Sony has yet to confirm how much the PlayStation 5 will cost despite revealing most of the console’s specs and features already, but a Canadian retailer already taking pre-orders may have leaked the gaming system’s launch price. If true, the cost might seem exciting to gamers at first glance, but it could also be indicative of a glaring problem we might see with both next-gen consoles.
Tech publication Notebookcheck reported Monday that Play N Trade Vancouver Island began letting customers reserve PS5s Monday for $559 Canadian dollars. Based on current conversation rates, that works out to approximately $395 USD. This could mean Sony's upcoming console might be even cheaper than the PS4’s $399 launch price, but assuming this leak is accurate, it's also possible this means the price in the U.S will also be $399. The company has yet to reveal an official price, so these deposits could be subject to change as the console’s Holiday 2020 release.
This kind of bargain price tag for the PS5 will probably come as a relief to gamers who heard the console might be substantially more expensive than the PS4 at launch thanks to a scarcity of necessary parts. But such an affordable price might be a troubling sign that players will be required to shell out extra cash for additional features if they want to make the most of their PS5. Specifically, gamers might have to pay a premium for extra storage on Sony's new console.
The PS5's expandable storage feature could cost gamers
The PS5 was revealed to come with a 825 GB solid-state drive, which consumers can expand by buying external SSDs. Sony reassured gamers that they’ll eventually be able to upgrade their PS5 storage with off-the-shelf drives that have been certified compatible with the PS5.

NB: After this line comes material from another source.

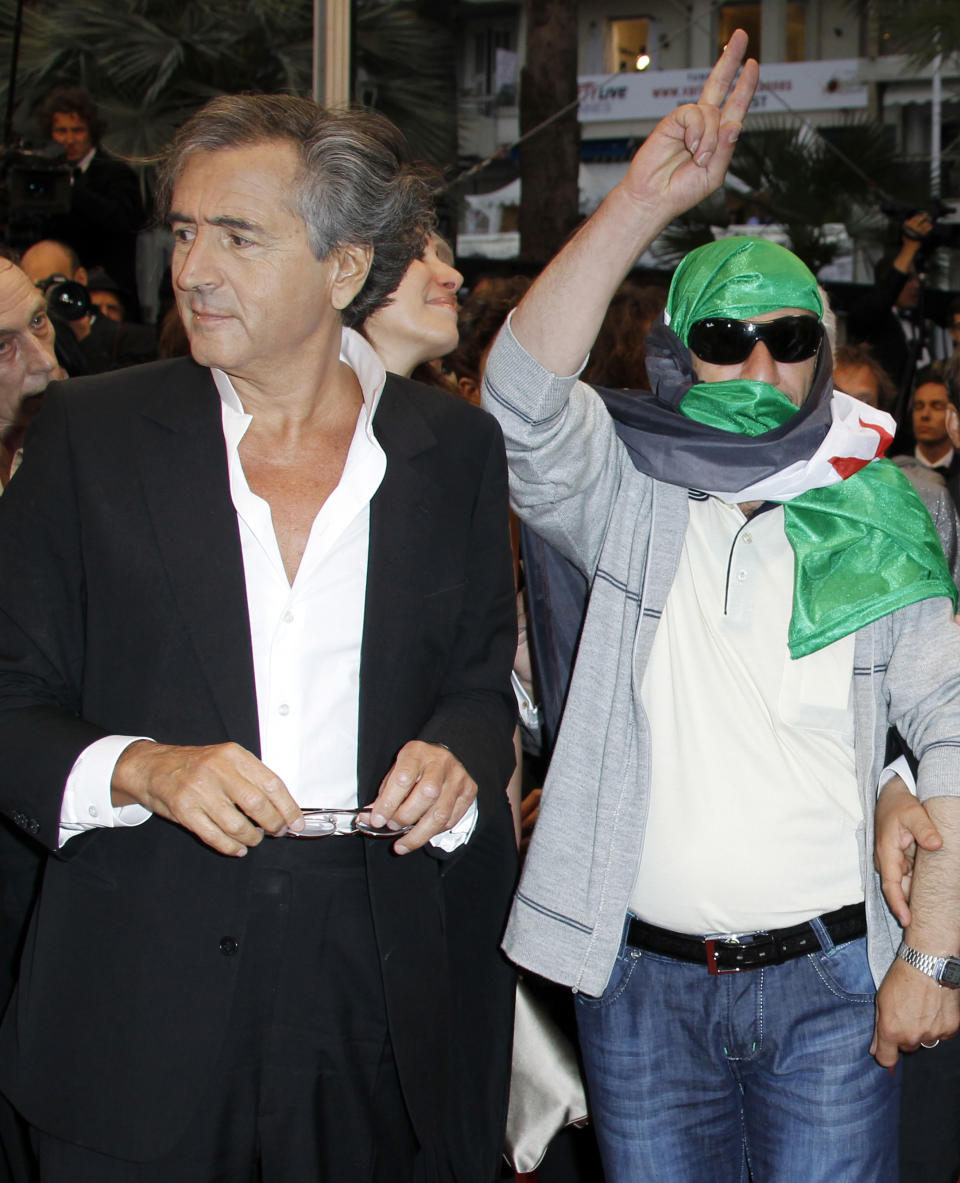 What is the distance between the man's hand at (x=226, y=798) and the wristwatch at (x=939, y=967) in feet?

That means PS5 players will have more options to expand their console’s storage compared to the Xbox Series X, which will require proprietary cards. However, even run-of-the-mill 1 TB SSDs can cost between $100 to $200 on Amazon.

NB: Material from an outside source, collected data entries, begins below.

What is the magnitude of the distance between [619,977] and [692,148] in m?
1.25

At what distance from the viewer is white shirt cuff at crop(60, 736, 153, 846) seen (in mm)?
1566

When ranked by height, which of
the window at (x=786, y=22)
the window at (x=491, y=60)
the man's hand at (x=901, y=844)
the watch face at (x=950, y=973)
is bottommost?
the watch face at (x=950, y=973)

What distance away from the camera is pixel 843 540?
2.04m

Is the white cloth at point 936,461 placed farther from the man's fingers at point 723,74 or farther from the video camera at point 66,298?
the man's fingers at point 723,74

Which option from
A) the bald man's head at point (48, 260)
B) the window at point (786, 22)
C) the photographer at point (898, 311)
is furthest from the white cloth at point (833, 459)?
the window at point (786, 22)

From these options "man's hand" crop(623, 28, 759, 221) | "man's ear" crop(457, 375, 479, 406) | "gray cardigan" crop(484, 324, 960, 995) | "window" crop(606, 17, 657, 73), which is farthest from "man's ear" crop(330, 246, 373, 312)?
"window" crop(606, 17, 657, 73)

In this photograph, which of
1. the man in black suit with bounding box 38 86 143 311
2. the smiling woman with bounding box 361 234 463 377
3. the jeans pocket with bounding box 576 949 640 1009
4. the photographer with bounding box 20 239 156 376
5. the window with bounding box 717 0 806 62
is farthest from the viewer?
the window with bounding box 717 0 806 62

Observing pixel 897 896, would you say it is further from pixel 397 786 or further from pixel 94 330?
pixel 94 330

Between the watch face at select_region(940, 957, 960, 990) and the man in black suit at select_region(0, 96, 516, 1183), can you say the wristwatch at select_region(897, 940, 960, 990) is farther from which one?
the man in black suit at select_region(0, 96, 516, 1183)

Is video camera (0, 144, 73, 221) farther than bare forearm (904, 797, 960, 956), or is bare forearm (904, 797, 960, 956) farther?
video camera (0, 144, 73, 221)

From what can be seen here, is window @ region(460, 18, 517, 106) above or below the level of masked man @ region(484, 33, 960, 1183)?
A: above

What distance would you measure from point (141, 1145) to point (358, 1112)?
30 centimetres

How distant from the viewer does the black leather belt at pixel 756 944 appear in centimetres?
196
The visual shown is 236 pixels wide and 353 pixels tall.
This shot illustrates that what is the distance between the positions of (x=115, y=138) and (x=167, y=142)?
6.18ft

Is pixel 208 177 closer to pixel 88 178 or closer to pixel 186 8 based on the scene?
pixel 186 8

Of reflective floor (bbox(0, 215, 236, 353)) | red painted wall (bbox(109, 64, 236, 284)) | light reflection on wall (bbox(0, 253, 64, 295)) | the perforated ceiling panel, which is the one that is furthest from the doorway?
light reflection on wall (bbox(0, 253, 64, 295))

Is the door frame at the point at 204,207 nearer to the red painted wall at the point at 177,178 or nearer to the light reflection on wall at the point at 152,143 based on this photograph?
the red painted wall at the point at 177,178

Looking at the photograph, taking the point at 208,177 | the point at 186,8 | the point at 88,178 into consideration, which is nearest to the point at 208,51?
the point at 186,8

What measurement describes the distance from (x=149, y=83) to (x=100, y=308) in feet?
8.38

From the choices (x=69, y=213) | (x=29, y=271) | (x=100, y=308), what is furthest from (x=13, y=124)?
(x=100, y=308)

While some consumers won’t need to make use of the PS5’s expandable storage capability, it’ll essentially be a requirement for people with sizable game libraries. Online games like Call of Duty: Warzone weigh in between 80 to 100 GB and massive open-world games like Red Dead Redemption 2 clock in at 100 GB, which would already be an eighth of the PS5’s total storage for the PS4 versions. It's possible that PS5 versions could be even larger. Around 93 GB of the standard PS4's 500 GB drive is taken up by the console's operating system, and we can safely assume the PS5's might be even larger. Also factor in backward compatibility with all PS4 digital purchases, and that SSD is looking smaller and smaller.
Players will either need to continuously uninstall their old games to play new games or pick up an external SSD which would raise the cost of their PS5 by $100 or $200. These extra costs would take the PS5’s final price to $400 to $500 if Play N Trade’s pre-order price is accurate. If that $399 price tag pans out, then it'll presumably lead to increased sales for the console in the short-term but frustrate gamers in the long term.
Previously, a report published by Bloomberg revealed that manufacturing each PS5 costs Sony around $450. The company could try to make up for selling the console at a loss by offering gamers smaller SSD in the console to cut down costs for both the company and the consumer.
In short, Sony's next-gen console might be a bargain up-front but be an expensive console to own over time. The same could also be said for the Xbox Series X based on what Microsoft has revealed about memory expansion cards.
No matter which console gamers choose, they'll probably have to spend a lot more than that initial price tag.